**The task**
Would you print the data below exactly, leaving out every picture?

**Information shown**
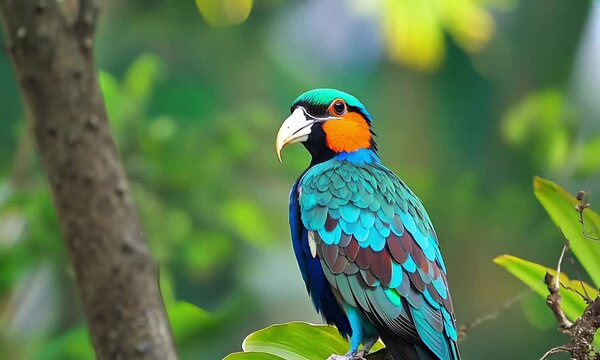 Burung dengan bulu berwarna warni dominan biru 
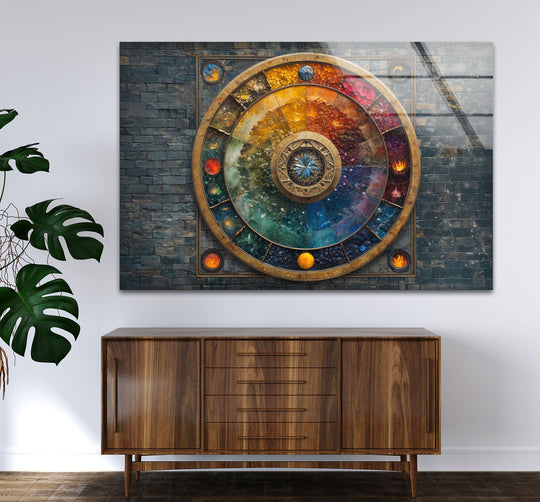 A mesmerizing stained glass printing evokes a mystical and tranquil mood with its cosmic celestial wheel design.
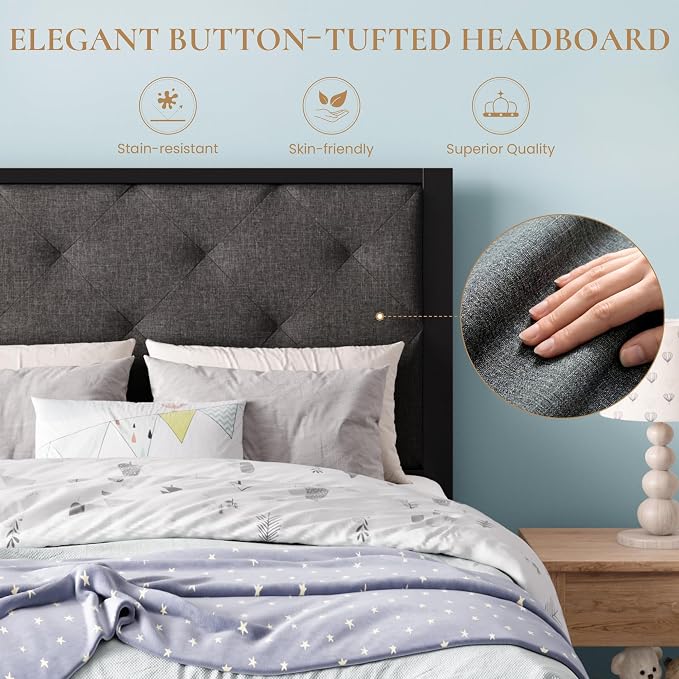 SHA CERLIN Twin Size Metal Bed Frame with Linen Tufted Headboard, Dark Gray | Modern Design Heavy-Duty Platform Bed, No Box Spring Need, Linen Fabric Upholstery, Noise Free, Easy Assembly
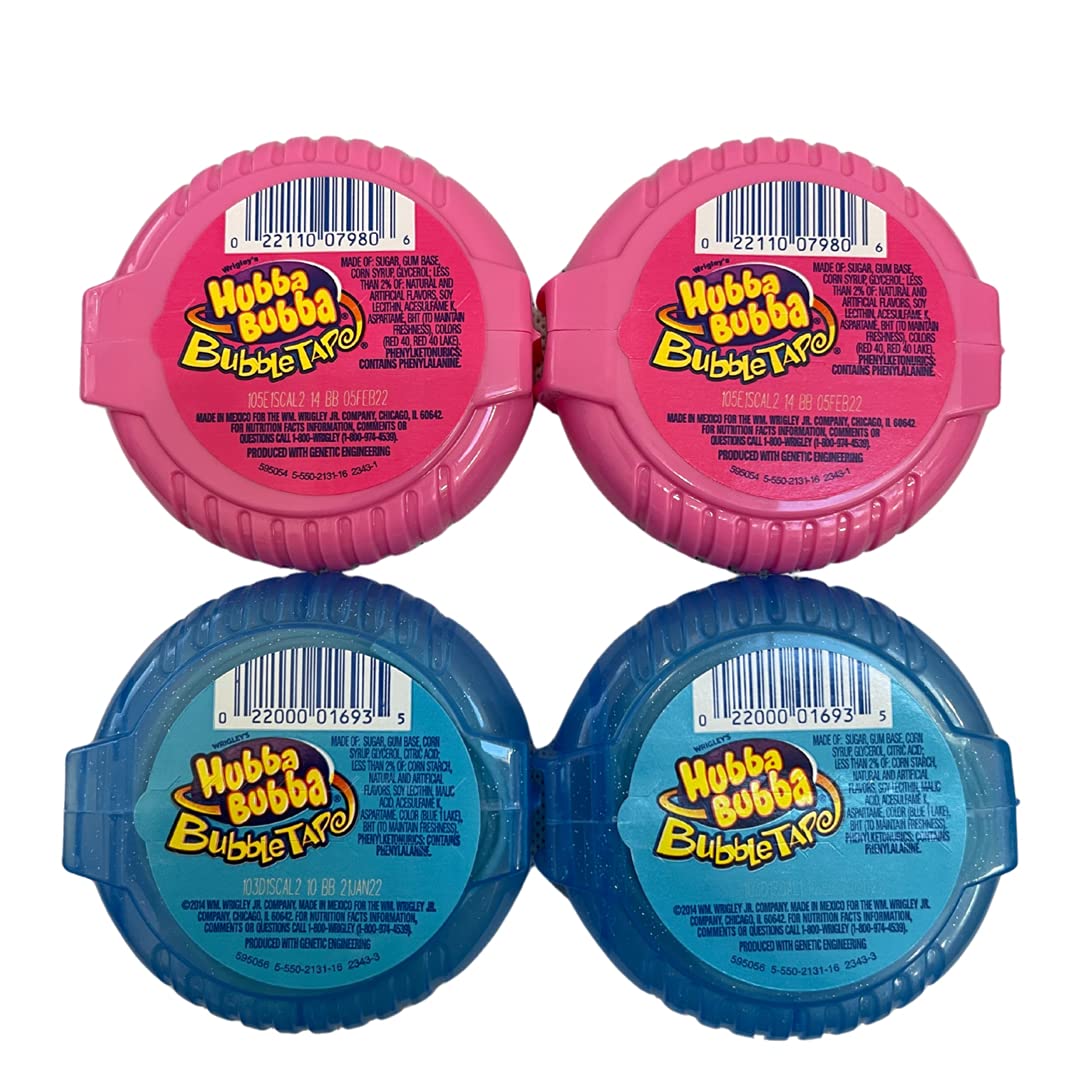 Hubba Bubba Sour Blue Raspberry Bubble Tape 6-foot roll for lunchbox treats.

**Answer for this exercise**
 Burung dengan bulu berwarna warni dominan biru 
 A mesmerizing stained glass printing evokes a mystical and tranquil mood with its cosmic celestial wheel design.
 SHA CERLIN Twin Size Metal Bed Frame with Linen Tufted Headboard, Dark Gray | Modern Design Heavy-Duty Platform Bed, No Box Spring Need, Linen Fabric Upholstery, Noise Free, Easy Assembly
 Hubba Bubba Sour Blue Raspberry Bubble Tape 6-foot roll for lunchbox treats.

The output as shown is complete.